Problem description: Copy exactly the lines of the data below, beginning with the line with "拉菲尼亚转型左边锋后焕发新生 欧冠淘汰赛屡次制造致命威胁" and ending with the line with "4세대 무선 듀얼파워". Pictures are to be omitted.

Available data:
Content starts

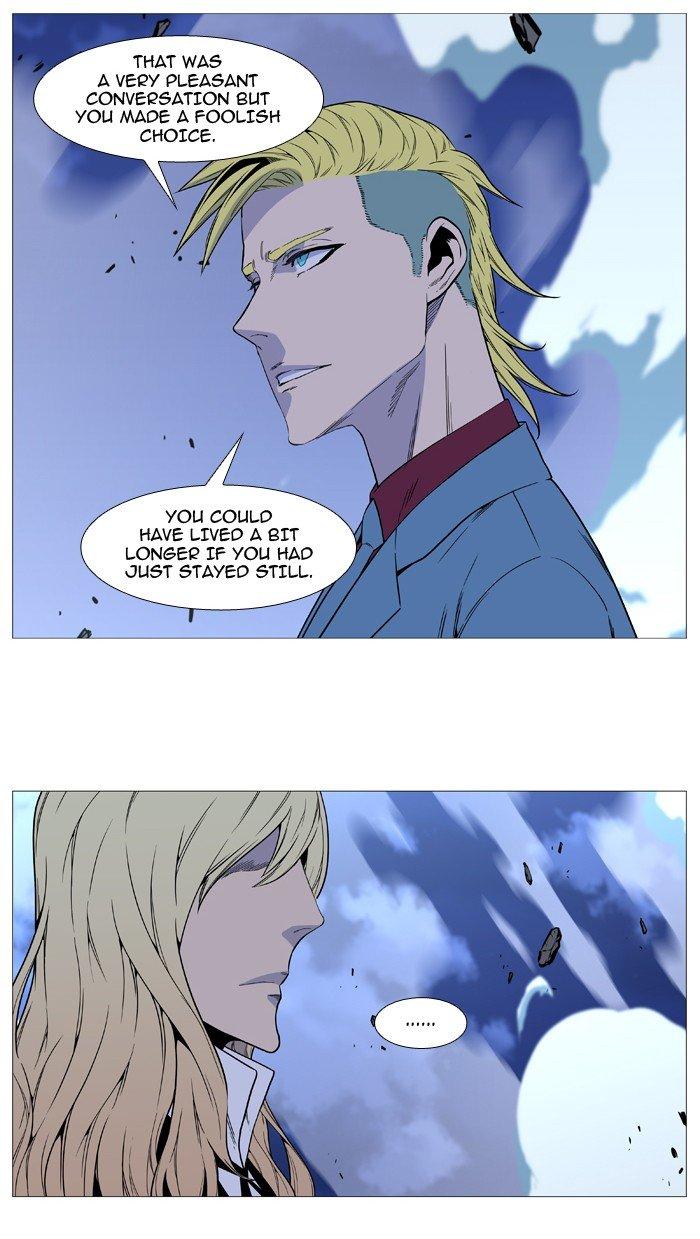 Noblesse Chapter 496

Content ends
Content starts

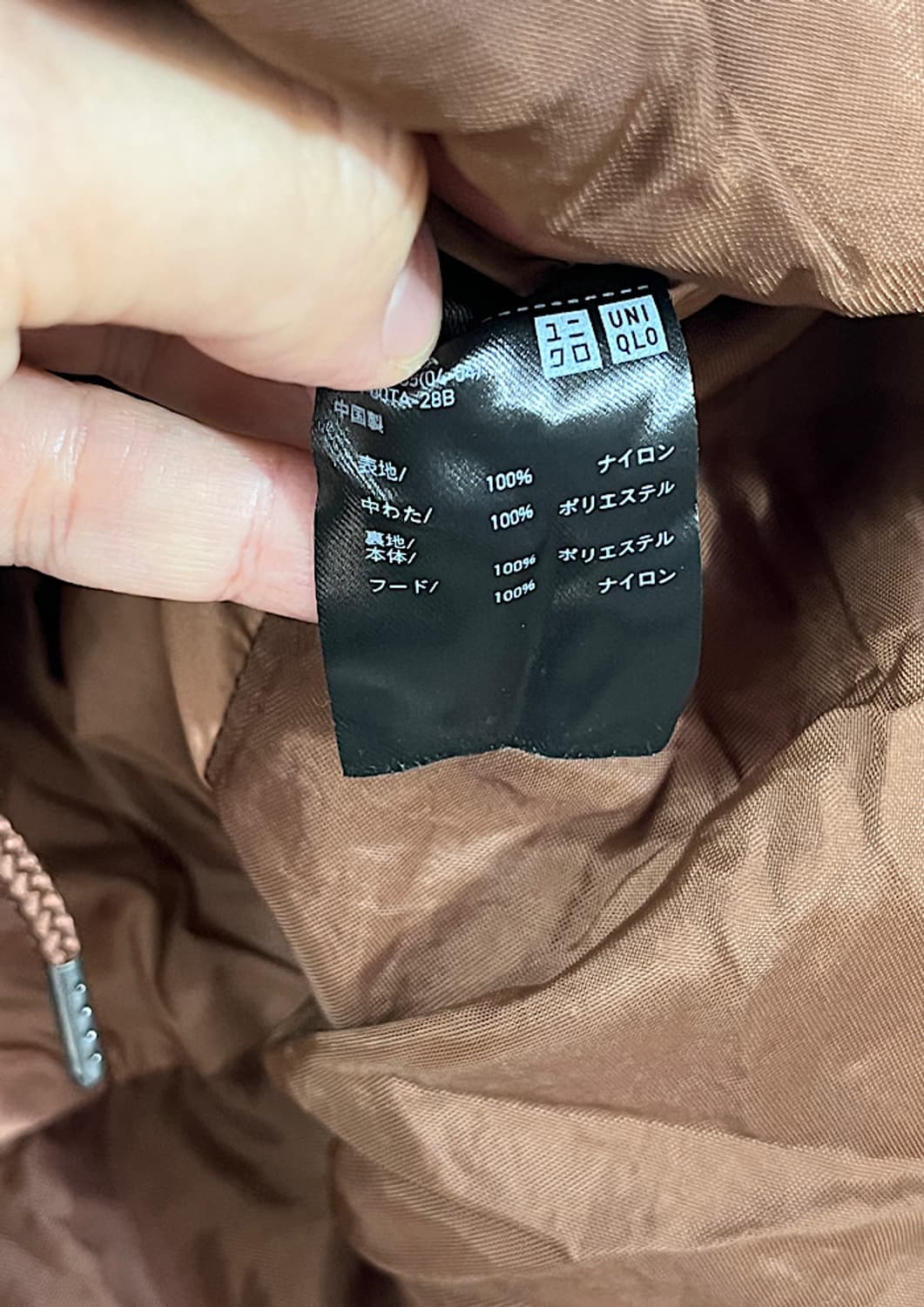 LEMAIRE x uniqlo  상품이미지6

Content ends
Content starts

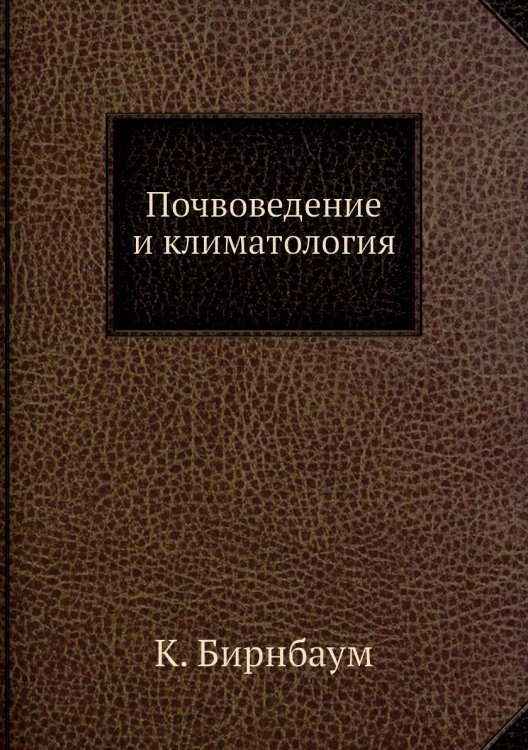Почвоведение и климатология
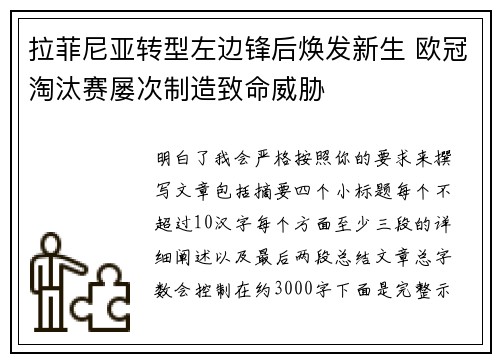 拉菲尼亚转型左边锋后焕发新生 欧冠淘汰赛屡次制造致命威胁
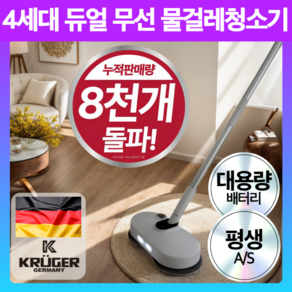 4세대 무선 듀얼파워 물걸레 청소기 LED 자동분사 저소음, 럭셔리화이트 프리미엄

Content ends

Task answer:
 拉菲尼亚转型左边锋后焕发新生 欧冠淘汰赛屡次制造致命威胁
 4세대 무선 듀얼파워 물걸레 청소기 LED 자동분사 저소음, 럭셔리화이트 프리미엄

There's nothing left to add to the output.